### HOW TO COMPLETE THIS TASK:
Some of the lines below need repeating. Reproduce exactly those between the lines holding "Baby Monthly Milestone" and "Vesco Medical Enteral", inclusive.
[SOURCE MATERIAL]
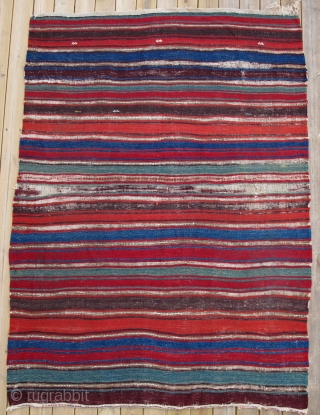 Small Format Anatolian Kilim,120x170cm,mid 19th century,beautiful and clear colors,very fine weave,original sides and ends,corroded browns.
[/SOURCE MATERIAL]
[SOURCE MATERIAL]
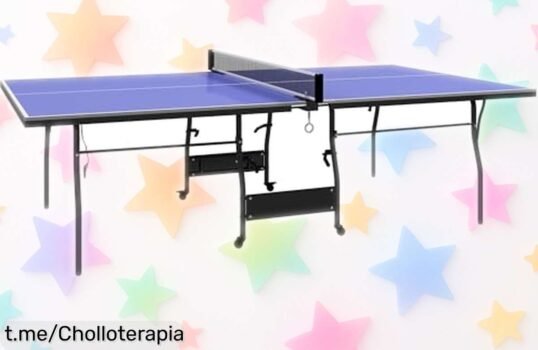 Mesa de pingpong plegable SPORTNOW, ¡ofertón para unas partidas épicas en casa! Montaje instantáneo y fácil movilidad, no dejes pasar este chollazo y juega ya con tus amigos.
[/SOURCE MATERIAL]
[SOURCE MATERIAL]
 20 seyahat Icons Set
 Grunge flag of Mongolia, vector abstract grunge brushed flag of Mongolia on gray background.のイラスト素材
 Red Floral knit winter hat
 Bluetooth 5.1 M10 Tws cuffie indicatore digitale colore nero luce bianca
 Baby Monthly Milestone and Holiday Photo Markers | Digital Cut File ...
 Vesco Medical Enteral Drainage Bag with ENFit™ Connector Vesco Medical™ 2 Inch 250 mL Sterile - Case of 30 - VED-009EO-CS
[/SOURCE MATERIAL]
### TASK ANSWER:
 Baby Monthly Milestone and Holiday Photo Markers | Digital Cut File ...
 Vesco Medical Enteral Drainage Bag with ENFit™ Connector Vesco Medical™ 2 Inch 250 mL Sterile - Case of 30 - VED-009EO-CS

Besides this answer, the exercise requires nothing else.